When doing this job by hand it is impossible to know every implication of a
change in segmentation. Given a modestly sized application, a person
simply cannot consider all the ramifications of a single solution, let
alone compare that solution to others. Very simply, computers do a better
job of solving problems of this class.

Finally, hand solutions are labor intensive and require a senior engineer
with a thorough knowledge of the entire application. This makes such an
approach very, very expensive in both time and money. This is especially
the case when an application is modified fairly frequently, thus requiring
constant changes to its segmentation.

Why the runtime frequency of each function call is vital to optimal
segmentation

There are tools on the market that claim to compute optimal segmentation by
analyzing the "static" links between functions. In other words, they
calculate "optimal" segmentation by grouping functions into segments based
on which functions can call which other functions. Unfortunately, this
does not work.

While this static information is helpful for calculating segmentation, it
represents only part of the data required. The actual frequencies of each
function call, captured by tracing the application at runtime, are
absolutely vital to the process.

If it were possible to compute ideal segmentation without frequency
information, the compiler vendors, who have access to this static
information, would have already done it! But, because compilers do not
have access to the critical function call frequency data, they cannot
compute optimal segmentation, and thus do not attempt to do so.

A simple but illustrative database application with four functions
demonstrates why frequency data is crucial. The functions are:

open; close; read; and write (the main menu)

Given the nature of the application, the static (possible) function calls
would be:

   main calls open
   main calls close
   main calls read
   main calls write

Let's assume that there are only two segments in this application (one with
two functions and one with three functions).
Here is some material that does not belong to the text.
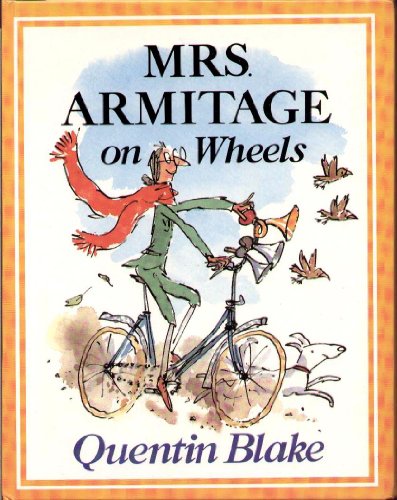 Mrs Armitage on Wheels by Quentin Blake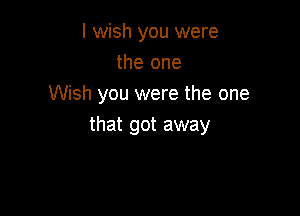 I wish you were
the one
Wish you were the one

that got away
On the basis of the static
data shown above, how would you (or any algorithm you conceived) know
where to place each function?? Strictly considering this information, you
would conclude that the solution has an equal chance of being any of the
following allocations. (Each solution binds main with two of the four
functions it calls.)

   SG1 main;open;close        SG2 read;write
   SG1 main;open;read         SG2 close;write
   SG1 main;open;write        SG2 close;read
   SG1 main;close;read        SG2 close;write
   SG1 main;close;write       SG2 open;read
   SG1 main;read;write        SG2 open;close

Now, let us consider the solution if we had access to the application's
runtime call history. When the program is exercised we learn that the
functions actually occur in this sequence.

     >main
       open
       read
       write
       read
       write
       read
       write
       read
       close
     >main

When consolidated into function calls and their respective frequencies, the
above call history is the equivalent of:

  Function call           Frequency
  main calls open              1
  main calls closed            1
  main calls read              4
  main calls write             3

Based on this data it is overwhelmingly clear that main, read, and write
belong in segment 1 and open and close belong in segment 2. (This solution
had only a 17% likelihood of being selected had the runtime data not been
considered.)

SegMentor -- an automated solution to the segmentation problem

Capturing the critical data

The first step in using SegMentor is to build a database on the application
(.exe or .DLL) that is being segmented. The basic data needed is a list of
functions in the application, their sizes, and the runtime calling
relationships among the functions. But in order to collect the runtime
calling data (and in order to make some other things work) some secondary
data is also needed. This includes the name of each function's default
segment and source code file.

Data is drawn from three sources: the application's .map file, the
application's source code, and the 'log files' that are generated which
contain the application's runtime function history.

.map file data:

The .map file provides the name of each function in the application
together with its (executable) size. It also provides the name of each
function's default segment (this is used in tracing the application's
function activity).

Unfortunately, functions declared as static don't show up in an
application's .map file. To get around this problem, a SegMentor utility
called fixup is used to change the static keyword (when used in reference
to functions) to a macro, such as LOCAL. Then, by defining this macro as
'nothing', it is possible to compile without static functions and thus
generate a full .map file (for normal compiles, the macro can be defined
as 'static').

Source code (.c file) data:

The application's source code points out those functions in the
application's .map file for which there is no corresponding source code.
This may be because they are from the standard library, or from
third-party libraries, or because they're written in assembly. In any
case, without source code there's no mechanism (in Microsoft C) for
assigning a function to a particular segment, so such functions are
ignored by SegMentor, and they wind up in default segments based on how
they're grouped into object files. (Note: SegMentor can trace and segment
assembly code, just not as conveniently as C.)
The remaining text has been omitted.